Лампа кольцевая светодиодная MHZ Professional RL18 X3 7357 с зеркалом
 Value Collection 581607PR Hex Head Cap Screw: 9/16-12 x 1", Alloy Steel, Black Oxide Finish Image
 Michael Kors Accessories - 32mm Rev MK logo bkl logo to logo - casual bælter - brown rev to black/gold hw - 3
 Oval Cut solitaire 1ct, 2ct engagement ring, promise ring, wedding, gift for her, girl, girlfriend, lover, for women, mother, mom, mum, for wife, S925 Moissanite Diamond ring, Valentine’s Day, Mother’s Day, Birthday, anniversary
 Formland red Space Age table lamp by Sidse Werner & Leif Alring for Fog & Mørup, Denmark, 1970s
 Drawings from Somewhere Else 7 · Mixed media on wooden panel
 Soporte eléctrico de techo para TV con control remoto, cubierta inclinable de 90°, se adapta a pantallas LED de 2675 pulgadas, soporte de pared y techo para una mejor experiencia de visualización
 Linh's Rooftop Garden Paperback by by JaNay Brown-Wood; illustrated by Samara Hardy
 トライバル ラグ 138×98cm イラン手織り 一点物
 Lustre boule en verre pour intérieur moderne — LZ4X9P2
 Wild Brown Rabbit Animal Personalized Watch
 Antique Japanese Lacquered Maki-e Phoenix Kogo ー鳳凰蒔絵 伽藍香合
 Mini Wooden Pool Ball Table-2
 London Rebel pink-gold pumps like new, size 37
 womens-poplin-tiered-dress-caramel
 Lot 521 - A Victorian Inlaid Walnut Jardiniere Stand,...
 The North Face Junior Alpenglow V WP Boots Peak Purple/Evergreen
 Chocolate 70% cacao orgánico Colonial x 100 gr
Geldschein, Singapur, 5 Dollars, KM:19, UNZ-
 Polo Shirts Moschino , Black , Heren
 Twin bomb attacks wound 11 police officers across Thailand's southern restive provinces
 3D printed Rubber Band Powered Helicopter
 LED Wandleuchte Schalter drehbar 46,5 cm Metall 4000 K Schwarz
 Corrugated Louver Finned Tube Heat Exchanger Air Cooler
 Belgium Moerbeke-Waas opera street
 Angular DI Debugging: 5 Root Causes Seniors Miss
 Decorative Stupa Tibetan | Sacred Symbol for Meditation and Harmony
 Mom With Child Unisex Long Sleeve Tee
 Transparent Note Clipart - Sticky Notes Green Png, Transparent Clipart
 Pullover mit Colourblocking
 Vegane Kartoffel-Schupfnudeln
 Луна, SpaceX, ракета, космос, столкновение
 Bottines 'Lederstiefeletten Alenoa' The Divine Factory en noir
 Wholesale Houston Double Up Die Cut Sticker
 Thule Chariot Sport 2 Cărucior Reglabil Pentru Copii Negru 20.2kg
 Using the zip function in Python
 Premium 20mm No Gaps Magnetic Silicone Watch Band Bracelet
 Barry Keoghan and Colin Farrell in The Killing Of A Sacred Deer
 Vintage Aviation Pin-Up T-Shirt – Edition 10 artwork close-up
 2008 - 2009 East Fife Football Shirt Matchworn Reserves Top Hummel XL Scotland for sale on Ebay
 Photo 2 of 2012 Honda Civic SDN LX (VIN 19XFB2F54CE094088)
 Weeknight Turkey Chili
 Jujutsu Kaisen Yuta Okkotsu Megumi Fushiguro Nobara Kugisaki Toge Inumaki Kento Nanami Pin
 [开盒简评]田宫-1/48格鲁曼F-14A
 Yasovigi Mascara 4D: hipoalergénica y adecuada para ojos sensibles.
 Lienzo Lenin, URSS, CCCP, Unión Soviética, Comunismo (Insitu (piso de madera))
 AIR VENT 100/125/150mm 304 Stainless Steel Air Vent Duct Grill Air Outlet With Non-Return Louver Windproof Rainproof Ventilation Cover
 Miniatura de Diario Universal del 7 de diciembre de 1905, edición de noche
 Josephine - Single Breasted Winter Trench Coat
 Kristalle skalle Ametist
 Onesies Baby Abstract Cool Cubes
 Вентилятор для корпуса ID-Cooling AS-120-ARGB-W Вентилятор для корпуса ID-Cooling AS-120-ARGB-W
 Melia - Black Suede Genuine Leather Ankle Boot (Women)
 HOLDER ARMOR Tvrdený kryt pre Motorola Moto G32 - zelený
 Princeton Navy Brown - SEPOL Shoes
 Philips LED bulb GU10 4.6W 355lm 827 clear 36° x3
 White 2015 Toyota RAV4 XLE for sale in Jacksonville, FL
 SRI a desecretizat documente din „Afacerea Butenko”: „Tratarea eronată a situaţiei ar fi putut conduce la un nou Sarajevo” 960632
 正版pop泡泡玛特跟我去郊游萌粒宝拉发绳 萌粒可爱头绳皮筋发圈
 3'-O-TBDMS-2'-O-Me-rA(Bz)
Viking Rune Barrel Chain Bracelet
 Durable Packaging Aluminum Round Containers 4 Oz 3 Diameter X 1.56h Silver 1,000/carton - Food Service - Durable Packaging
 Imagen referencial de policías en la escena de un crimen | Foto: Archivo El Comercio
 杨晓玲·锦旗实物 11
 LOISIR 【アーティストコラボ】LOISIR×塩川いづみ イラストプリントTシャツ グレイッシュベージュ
· · · ·
### WORK INSTRUCTION
Which of the lines in the data hold the string "Steel"? Report each of them by copying it.

### EXERCISE RESPONSE
 Value Collection 581607PR Hex Head Cap Screw: 9/16-12 x 1", Alloy Steel, Black Oxide Finish Image
 AIR VENT 100/125/150mm 304 Stainless Steel Air Vent Duct Grill Air Outlet With Non-Return Louver Windproof Rainproof Ventilation Cover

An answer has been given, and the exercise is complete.